Whatever you're comfortable with, I guess.

You could also spin off this class in it's own thread inside one of your
classloaders. That way it would shutdown and start up with the server
(or maybe that's a drawback...) and you wouldn't have to add the
overhead of another VM.


In fact, it *is* a thread. It starts and stops with the server. Everything was really beautiful until I had to split my app in four contexts.

What I dislike is having to go out of the app to do app-internal calls. RMI, socket, CORBA, HTTP, ... I don't mind: I just dislike the idea.

- Extract the component into another context, and connect to it via HTTP.



yuck.


This isn't for locking or something is it?


Nope. ;-)

I get the feeling you're
trying to use a class for storing or accessing something the way most
people use a database...


I do have a database. Databases are supposed to store data, aren't they? ;-)

Now seriously... My application includes a web interface to a "kind of" workflow system.

This component is the "workflow engine", which is in charge for automatic (background) state changes and actions. When my business/persistence logic changes a state, new potential tasks for this "engine" arise. So it has to be notified (=called) from any context that may change a state.
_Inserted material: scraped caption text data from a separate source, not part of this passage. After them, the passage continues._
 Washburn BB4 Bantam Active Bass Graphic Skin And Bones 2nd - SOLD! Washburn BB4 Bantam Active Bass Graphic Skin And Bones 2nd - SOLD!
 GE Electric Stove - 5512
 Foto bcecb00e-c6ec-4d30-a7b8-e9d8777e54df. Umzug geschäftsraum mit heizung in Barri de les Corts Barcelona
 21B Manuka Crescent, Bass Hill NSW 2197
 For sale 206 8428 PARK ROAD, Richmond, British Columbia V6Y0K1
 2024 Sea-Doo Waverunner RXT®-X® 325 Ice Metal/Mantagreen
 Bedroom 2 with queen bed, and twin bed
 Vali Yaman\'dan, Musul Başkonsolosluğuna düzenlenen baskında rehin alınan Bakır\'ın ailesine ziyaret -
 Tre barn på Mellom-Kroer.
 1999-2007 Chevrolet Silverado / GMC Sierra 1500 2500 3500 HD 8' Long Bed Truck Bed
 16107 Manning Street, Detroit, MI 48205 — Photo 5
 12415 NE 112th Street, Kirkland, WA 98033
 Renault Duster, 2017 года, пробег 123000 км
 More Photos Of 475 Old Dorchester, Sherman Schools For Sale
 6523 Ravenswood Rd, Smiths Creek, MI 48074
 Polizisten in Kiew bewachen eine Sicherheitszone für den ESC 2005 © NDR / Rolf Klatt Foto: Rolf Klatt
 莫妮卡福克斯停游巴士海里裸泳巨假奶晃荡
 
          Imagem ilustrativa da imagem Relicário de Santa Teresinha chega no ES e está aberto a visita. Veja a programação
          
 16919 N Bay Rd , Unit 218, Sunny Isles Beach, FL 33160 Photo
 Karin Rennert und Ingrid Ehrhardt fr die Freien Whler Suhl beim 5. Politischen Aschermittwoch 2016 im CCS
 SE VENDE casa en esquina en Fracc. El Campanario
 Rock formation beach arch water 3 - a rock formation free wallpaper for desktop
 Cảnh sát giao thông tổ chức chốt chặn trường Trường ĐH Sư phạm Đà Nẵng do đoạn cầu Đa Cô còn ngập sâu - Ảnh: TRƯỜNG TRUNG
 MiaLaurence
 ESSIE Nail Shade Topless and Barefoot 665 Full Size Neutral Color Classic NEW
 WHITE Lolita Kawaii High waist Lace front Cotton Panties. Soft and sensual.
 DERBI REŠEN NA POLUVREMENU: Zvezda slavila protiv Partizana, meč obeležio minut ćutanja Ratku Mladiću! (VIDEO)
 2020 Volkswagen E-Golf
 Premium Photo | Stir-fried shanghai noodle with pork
On Sun, 2003-06-15 at 08:21, Antonio Fiol Bonnín wrote:


Hello,

This question is probably not specific to Tomcat, but a Tomcat-specific answer could well suit my needs.

I have an application which I have split in several different contexts. I have done so, to allow different kinds of access to the app, depending on the web server the requests are coming from.

However, I need a common unique component that "ties" all the contexts together.

There must be a *single* instance of this component, otherwise inconsistencies or duplicate work might arise. OTOH, it must be accessible from all the contexts.

Calls to this component are very simple (calls to void methods) but moderately frequent.

I have thought of several possibilities:

- Extract the component into a separate JVM, and connect to it via socket.
- Extract the component into another context, and connect to it via HTTP.
--- I like none of those.

- Create the instance from the first context needing it, and making it available to all of them.
--- I like this best, but I have no idea of how to do that.